NantKwest is launching the first-in-human Phase 1 clinical trial assessing the effects of its investigational CD19 t-haNK cell therapy in people with locally advanced B-cell lymphoma. The trial follows the U.S. Food and Drug Administration‘s approval of NantKwest’s investigational new drug (IND) application for the therapy.
Natural killer (NK) cells are key players in the fight against tumors. But their insufficient numbers and short lifespan have limited their applicability as a treatment against cancer.
CD19-t-haNK cell therapy is an immunotherapy designed to enhance the killing activity of natural killer cells against tumor cells. It is an off-the-shelf treatment, meaning that the therapy can be used in all people without the need for individualized patient matching.

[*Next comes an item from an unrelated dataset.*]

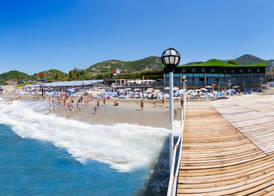 Beach Club Doganay Hotel - All Inclusive 3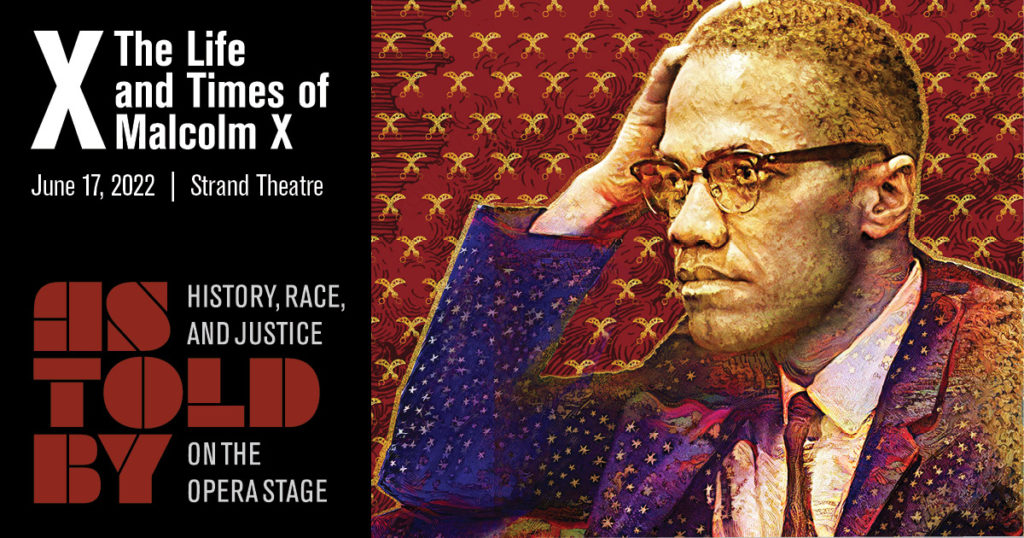 As Told By: X, The Life and Times of Malcolm X As Told By: X, The Life and Times of Malcolm X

The approach involves collecting a donor’s NK cells and genetically modifying them to produce a chimeric antigen receptor, or CAR, that targets a specific cancer protein. In this case, the cells are engineered to target the CD19 protein, a cell surface marker that is present in healthy and malignant B-cells.
Additionally, the cells carry the CD16 protein, important for activating the body’s innate immune system, and the subsequent killing of tumor cells. The CD16 protein binds to a previously administered anti-cancer antibody, enhancing its response against the tumor.
Researchers note that innate immunity refers to a person’s general immune response against pathogens, while adaptive immunity refers to a specific immune response against a pathogen that involves memory.
Previous preclinical studies used cell lines and mouse models for B-cell lymphomas with different levels of CD19. The results confirmed the killing activity of CD19 t-haNK cells, and showed it can be successfully used in combination with other targeted approaches.
“Based on extensive and encouraging preclinical results, we have enhanced our ability to modularly combine this proprietary off-the-shelf t-haNK-based therapy with a wide range of monoclonal antibodies using this multi-targeted approach,” Patrick Soon-Shiong, chairman and CEO of NantKwest, said in a press release.
“We are now ready to transition this innovation in NK cell based therapeutics to a Phase I human clinical trials designed to assess the safety, tolerability and efficacy of CD19 t-haNK cell therapy in advanced B-cell lymphoma,” he said.
After completing the safety phase, NantKwest “intends to combine this CD19 t-haNK cell therapy with other synergistic, immunomodulatory agents as part of an integrative, combination therapy approach that we describe as the NANT Cancer Vaccine to further enhance the synergistic effectiveness of this novel therapeutic intervention,” Soon-Shiong added.